■ EXERCISE OBJECTIVE ■
For this exercise, copy each line of the records that contains the word "Chapter".

(EXERCISE DATA)

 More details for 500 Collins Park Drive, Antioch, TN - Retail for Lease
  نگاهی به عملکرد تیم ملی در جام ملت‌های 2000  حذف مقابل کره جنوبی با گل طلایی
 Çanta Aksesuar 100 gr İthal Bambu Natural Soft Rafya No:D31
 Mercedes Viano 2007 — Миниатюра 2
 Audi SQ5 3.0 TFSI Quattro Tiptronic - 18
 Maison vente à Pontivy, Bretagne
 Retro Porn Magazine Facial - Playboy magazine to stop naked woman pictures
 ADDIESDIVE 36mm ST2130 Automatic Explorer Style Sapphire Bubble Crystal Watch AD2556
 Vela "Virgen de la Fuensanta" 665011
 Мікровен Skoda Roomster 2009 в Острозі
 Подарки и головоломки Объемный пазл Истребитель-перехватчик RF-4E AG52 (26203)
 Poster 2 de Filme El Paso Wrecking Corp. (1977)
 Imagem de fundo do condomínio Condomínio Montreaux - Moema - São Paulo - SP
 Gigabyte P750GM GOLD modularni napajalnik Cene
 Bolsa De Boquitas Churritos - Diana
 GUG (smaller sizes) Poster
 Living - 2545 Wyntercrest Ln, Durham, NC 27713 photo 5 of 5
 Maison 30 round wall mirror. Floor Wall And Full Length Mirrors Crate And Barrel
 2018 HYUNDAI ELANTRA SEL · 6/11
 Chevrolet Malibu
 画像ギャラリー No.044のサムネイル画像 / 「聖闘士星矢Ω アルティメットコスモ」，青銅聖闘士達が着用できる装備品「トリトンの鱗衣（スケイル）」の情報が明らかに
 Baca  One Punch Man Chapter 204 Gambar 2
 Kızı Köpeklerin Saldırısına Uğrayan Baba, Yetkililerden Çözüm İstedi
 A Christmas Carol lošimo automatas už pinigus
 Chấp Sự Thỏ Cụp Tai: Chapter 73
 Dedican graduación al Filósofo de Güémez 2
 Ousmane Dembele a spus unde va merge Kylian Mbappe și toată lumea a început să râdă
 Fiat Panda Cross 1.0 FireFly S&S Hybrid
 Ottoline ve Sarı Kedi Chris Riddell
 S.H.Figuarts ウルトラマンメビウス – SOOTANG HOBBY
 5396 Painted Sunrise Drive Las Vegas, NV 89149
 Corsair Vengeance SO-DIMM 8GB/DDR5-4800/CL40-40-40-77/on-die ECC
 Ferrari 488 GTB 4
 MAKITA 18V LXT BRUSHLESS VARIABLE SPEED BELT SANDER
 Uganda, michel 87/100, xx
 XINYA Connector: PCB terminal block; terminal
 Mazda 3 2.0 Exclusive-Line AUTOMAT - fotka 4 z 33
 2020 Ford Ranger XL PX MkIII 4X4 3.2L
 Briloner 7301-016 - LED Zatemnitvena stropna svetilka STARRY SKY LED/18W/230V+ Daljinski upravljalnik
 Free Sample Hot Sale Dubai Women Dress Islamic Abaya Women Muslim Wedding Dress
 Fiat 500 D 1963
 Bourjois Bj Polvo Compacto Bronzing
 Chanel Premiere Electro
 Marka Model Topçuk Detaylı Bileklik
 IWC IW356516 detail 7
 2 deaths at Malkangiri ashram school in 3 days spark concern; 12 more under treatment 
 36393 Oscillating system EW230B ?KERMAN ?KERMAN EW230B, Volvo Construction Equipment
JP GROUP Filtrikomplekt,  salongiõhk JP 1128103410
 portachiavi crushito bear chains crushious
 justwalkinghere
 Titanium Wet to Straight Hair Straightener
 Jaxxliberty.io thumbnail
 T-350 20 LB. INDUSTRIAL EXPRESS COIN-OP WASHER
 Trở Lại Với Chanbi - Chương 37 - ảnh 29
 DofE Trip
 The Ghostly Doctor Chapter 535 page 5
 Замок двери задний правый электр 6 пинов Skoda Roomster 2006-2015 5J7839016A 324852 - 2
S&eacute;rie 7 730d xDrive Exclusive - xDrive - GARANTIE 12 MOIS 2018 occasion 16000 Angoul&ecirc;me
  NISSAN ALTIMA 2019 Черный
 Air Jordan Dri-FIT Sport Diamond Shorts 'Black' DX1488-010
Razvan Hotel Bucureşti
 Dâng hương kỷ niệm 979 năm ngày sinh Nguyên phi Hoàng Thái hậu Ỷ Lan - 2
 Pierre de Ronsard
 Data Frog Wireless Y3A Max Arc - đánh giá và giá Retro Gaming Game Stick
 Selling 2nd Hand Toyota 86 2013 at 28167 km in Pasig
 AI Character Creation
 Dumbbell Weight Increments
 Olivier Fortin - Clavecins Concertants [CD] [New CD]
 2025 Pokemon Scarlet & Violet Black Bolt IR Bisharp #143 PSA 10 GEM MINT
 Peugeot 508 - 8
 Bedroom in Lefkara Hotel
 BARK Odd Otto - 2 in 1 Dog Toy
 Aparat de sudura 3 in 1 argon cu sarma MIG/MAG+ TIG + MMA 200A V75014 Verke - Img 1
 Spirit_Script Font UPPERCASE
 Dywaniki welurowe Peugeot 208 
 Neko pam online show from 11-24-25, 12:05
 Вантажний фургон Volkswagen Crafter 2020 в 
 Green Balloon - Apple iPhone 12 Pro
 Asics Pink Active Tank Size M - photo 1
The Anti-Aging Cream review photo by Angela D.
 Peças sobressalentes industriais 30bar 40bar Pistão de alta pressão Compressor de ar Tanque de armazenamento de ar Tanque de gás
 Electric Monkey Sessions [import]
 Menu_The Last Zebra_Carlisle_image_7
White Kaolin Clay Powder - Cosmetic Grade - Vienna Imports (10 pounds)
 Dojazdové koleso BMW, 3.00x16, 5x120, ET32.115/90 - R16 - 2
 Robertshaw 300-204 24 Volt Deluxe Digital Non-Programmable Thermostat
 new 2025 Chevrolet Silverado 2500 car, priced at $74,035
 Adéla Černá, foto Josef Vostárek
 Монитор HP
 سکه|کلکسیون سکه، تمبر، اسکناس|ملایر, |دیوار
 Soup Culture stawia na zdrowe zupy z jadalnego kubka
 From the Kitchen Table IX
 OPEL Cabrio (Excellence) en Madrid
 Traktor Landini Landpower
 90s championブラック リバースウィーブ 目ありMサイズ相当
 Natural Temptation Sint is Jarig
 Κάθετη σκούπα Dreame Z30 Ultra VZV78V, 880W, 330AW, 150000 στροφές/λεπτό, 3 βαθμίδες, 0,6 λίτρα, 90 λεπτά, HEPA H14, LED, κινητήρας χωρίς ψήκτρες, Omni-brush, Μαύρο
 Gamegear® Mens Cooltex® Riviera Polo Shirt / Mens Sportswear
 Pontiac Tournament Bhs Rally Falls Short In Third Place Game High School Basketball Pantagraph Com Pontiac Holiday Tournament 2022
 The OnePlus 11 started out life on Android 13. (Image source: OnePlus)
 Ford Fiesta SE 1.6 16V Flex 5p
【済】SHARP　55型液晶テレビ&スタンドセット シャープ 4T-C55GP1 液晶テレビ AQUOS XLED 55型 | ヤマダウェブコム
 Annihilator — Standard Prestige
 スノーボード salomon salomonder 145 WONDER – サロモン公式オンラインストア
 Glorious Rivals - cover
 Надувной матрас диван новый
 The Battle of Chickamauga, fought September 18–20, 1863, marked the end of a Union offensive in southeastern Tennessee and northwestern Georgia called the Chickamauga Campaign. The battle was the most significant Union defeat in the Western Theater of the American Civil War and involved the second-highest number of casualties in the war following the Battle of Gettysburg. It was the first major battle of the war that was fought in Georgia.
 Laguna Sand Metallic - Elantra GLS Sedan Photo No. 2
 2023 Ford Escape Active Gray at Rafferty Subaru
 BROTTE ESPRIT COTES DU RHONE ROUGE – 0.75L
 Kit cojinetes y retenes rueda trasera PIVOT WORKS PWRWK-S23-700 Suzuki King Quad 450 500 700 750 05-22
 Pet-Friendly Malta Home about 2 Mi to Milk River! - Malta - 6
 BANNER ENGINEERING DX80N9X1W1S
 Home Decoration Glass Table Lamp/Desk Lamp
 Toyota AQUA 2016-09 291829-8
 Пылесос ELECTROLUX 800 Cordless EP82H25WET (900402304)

(End EXERCISE DATA)

■ EXPECTED ANSWER ■
 Baca  One Punch Man Chapter 204 Gambar 2
 Chấp Sự Thỏ Cụp Tai: Chapter 73
 The Ghostly Doctor Chapter 535 page 5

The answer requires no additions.